* Source records:

%%

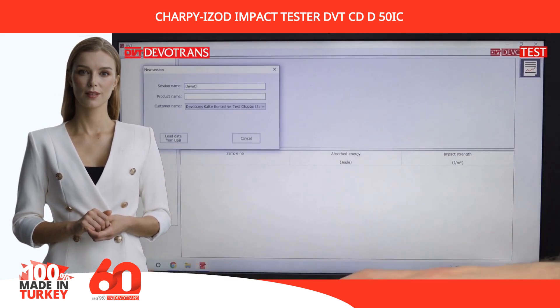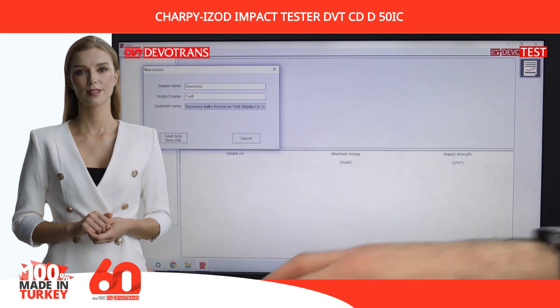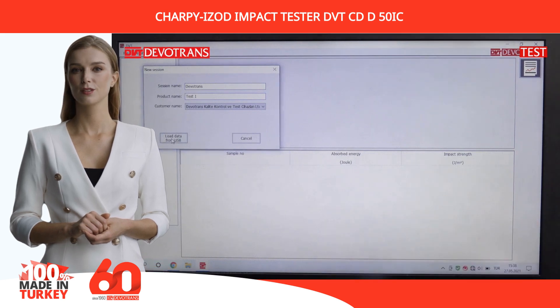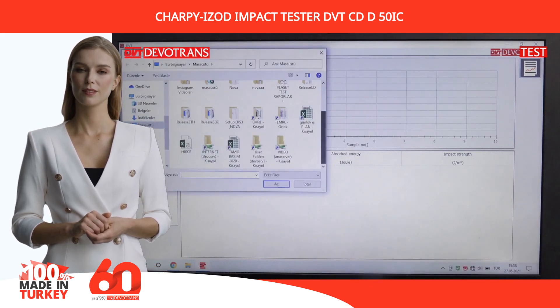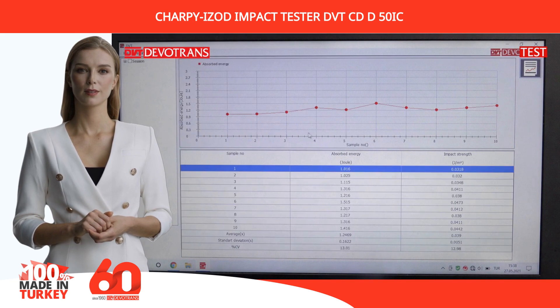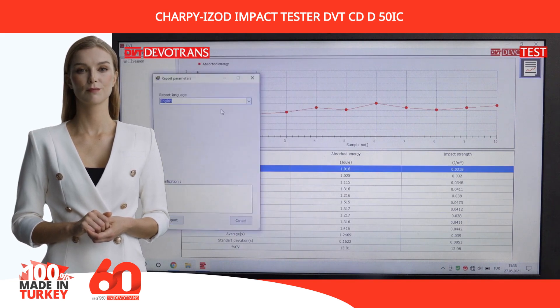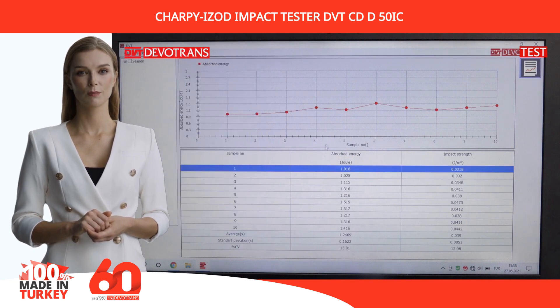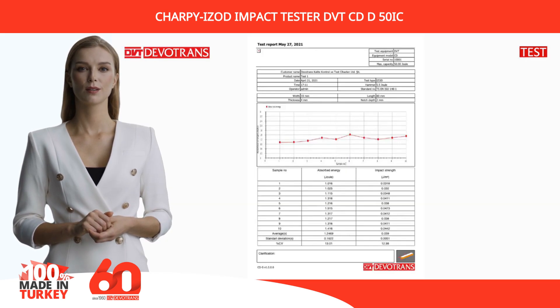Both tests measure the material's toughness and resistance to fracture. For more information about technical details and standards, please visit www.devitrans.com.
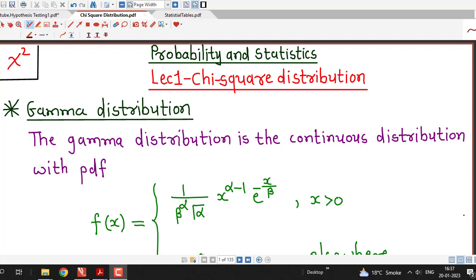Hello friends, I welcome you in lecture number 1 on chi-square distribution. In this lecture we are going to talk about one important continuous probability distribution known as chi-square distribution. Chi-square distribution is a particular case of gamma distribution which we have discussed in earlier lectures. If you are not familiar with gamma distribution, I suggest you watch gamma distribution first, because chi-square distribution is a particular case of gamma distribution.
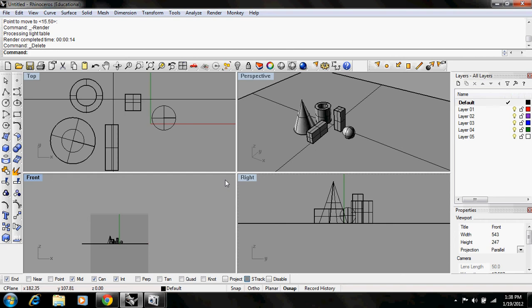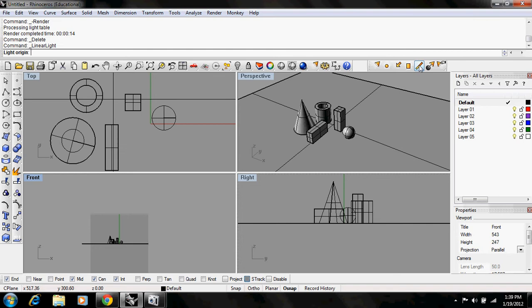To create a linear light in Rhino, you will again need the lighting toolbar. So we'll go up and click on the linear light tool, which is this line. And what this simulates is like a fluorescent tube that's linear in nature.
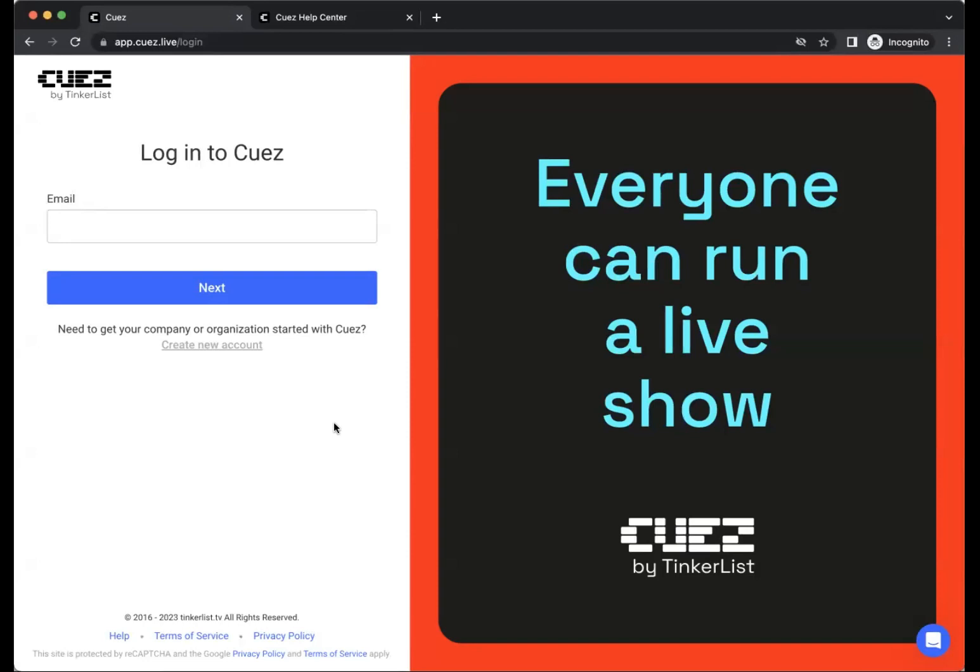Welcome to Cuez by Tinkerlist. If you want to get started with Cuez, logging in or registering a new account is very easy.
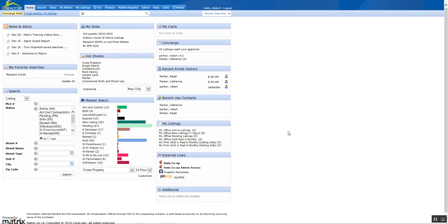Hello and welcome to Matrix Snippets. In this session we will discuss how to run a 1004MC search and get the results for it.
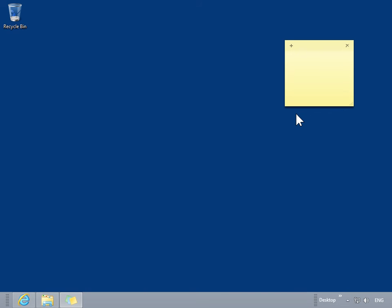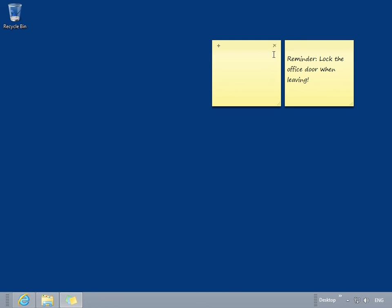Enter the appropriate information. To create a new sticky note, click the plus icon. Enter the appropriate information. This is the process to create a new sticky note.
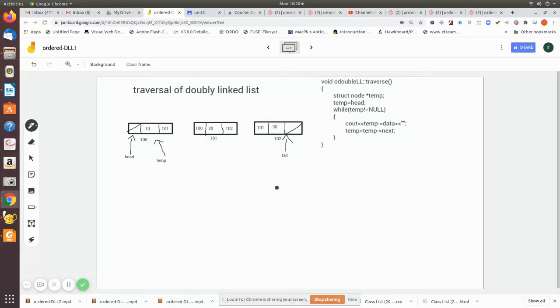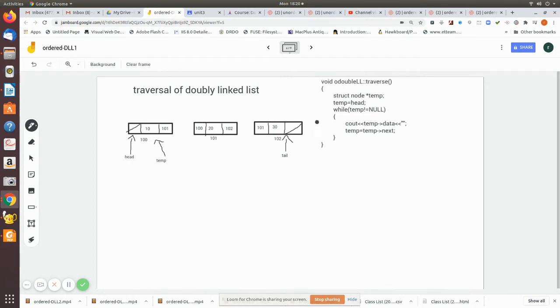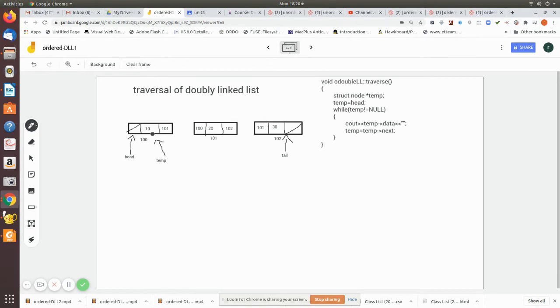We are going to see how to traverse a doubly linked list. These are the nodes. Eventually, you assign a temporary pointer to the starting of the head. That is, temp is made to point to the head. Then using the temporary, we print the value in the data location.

%%
%%

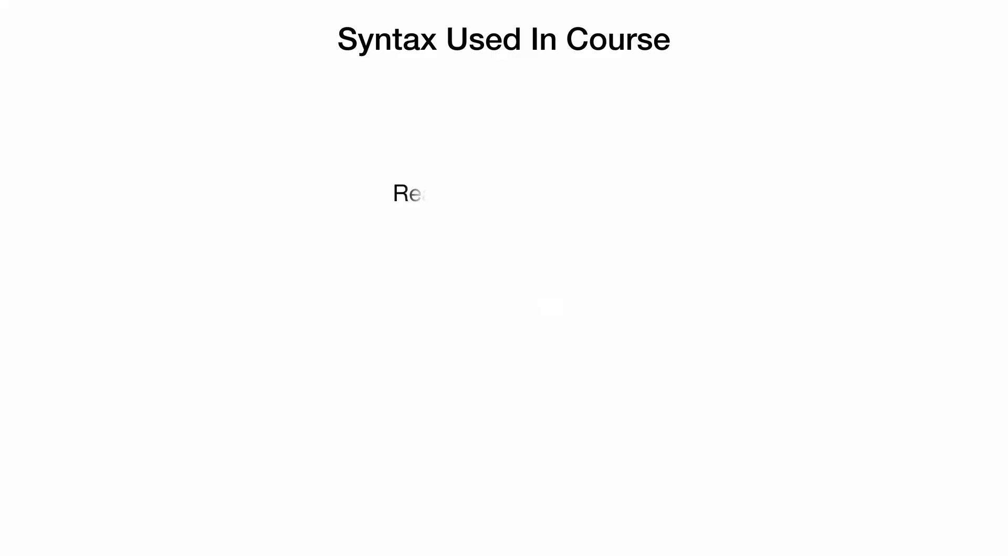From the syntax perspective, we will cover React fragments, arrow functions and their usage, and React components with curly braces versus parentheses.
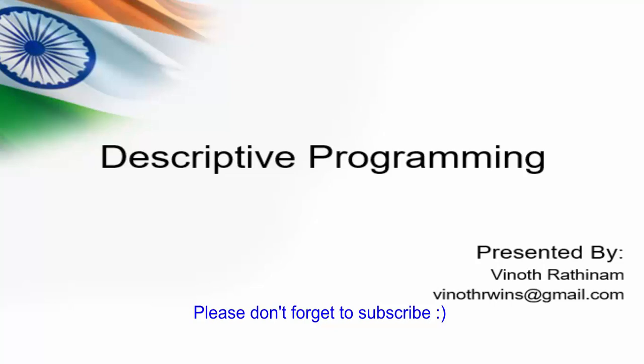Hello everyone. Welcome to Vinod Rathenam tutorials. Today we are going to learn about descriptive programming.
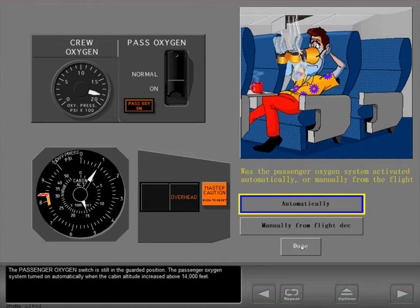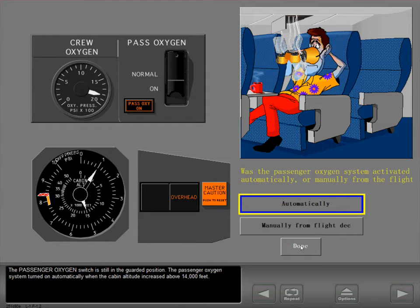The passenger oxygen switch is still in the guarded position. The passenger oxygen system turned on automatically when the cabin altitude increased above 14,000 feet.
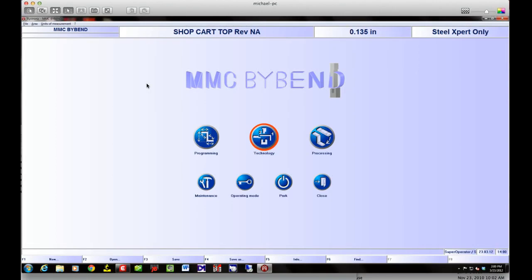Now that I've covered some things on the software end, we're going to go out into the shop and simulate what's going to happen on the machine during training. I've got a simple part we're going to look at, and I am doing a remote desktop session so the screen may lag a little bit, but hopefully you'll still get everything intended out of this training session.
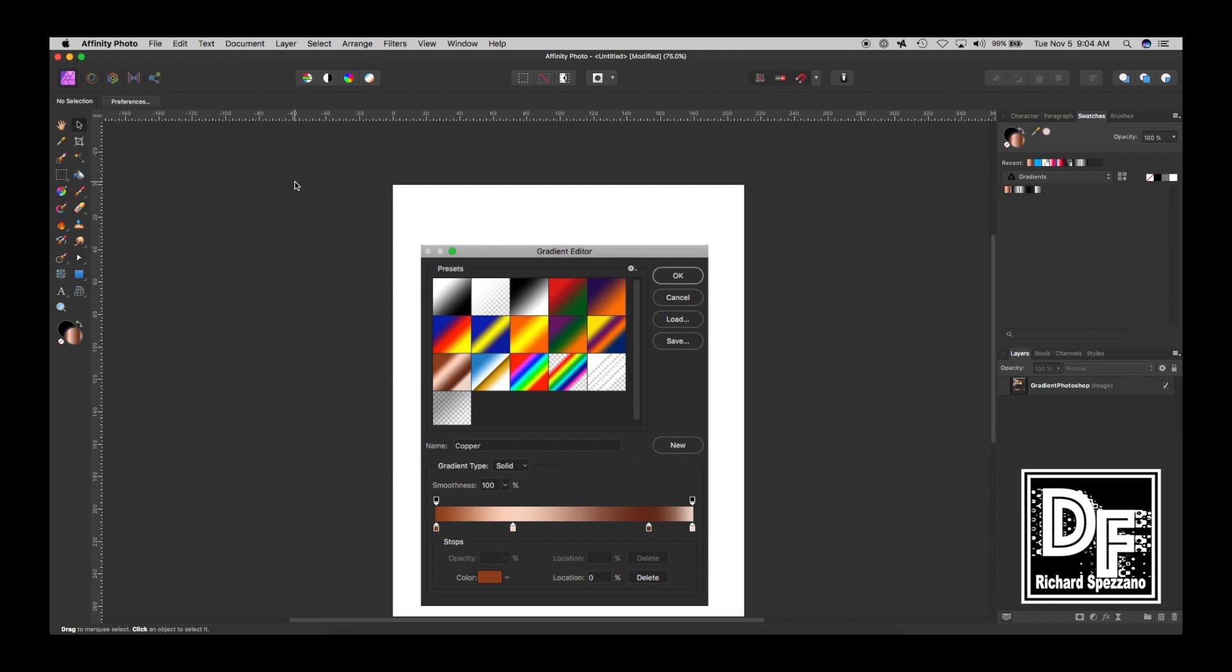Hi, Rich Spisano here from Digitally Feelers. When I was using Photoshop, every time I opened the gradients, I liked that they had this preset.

%%
%%

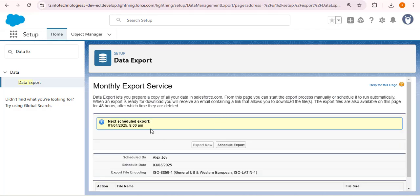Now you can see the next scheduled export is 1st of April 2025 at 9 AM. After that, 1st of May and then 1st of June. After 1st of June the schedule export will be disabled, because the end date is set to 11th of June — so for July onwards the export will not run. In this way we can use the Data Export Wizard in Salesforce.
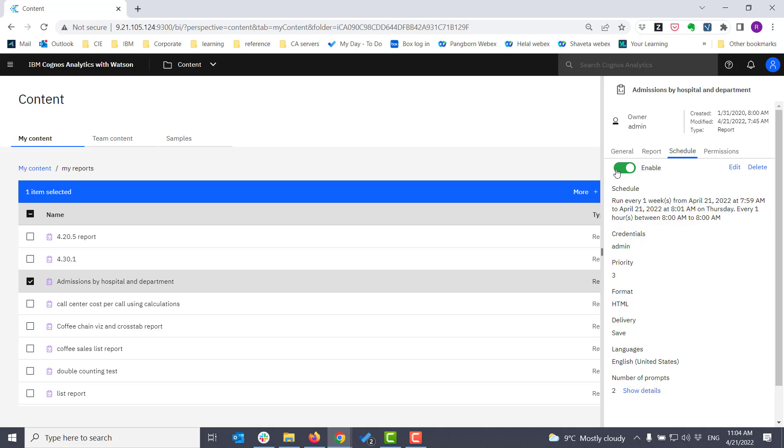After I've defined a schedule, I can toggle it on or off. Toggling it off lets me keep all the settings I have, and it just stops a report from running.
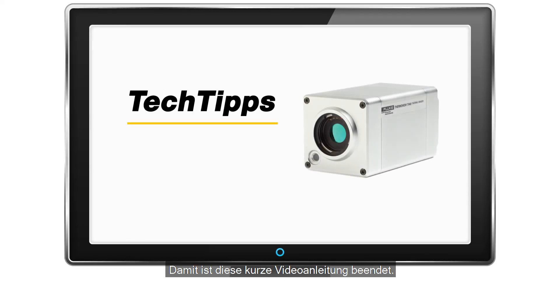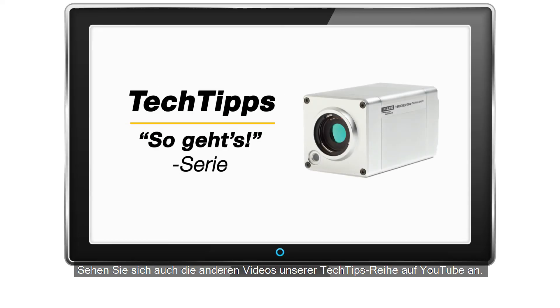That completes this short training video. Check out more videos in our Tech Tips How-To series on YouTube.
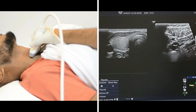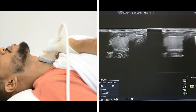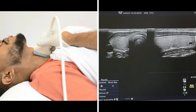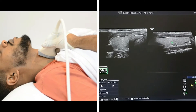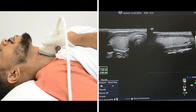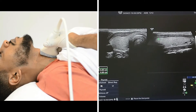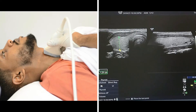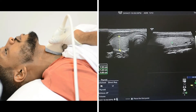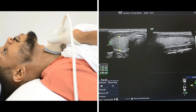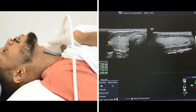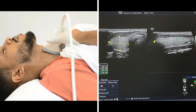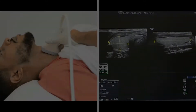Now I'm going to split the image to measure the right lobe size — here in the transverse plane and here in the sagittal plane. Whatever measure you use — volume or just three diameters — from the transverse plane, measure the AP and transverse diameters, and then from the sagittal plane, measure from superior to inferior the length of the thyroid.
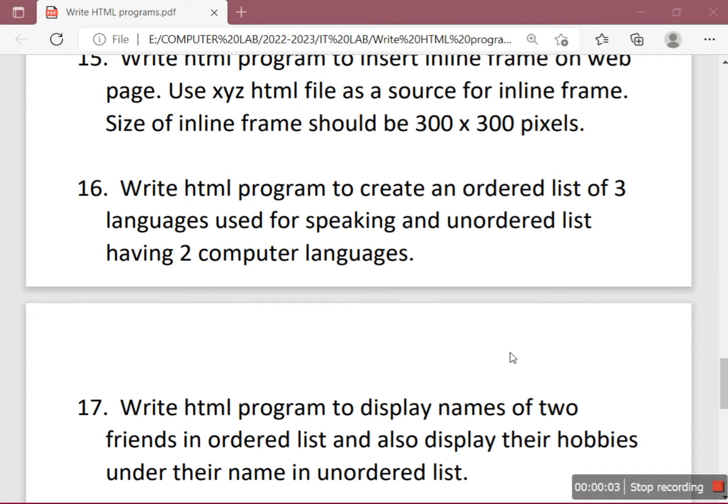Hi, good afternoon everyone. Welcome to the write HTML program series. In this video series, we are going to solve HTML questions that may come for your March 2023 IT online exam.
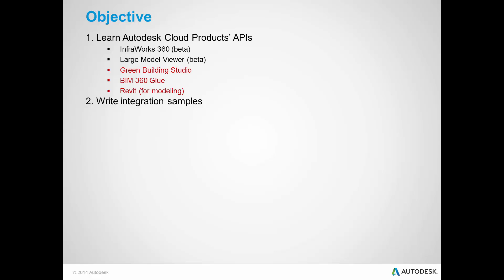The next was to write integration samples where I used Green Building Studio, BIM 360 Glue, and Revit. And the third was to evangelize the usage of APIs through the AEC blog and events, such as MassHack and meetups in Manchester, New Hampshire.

%%

* Work item: Print nothing except the lines above from the one containing "Welcome to Cuez" down to the one containing "We are going to see", both included, exactly as written and free of pictures.

* Solution for this task:
Welcome to Cuez by Tinkerlist. If you want to get started with Cuez, logging in or registering a new account is very easy.
Hello and welcome to Matrix Snippets. In this session we will discuss how to run a 1004MC search and get the results for it.
Enter the appropriate information. To create a new sticky note, click the plus icon. Enter the appropriate information. This is the process to create a new sticky note.
We are going to see how to traverse a doubly linked list. These are the nodes. Eventually, you assign a temporary pointer to the starting of the head. That is, temp is made to point to the head. Then using the temporary, we print the value in the data location.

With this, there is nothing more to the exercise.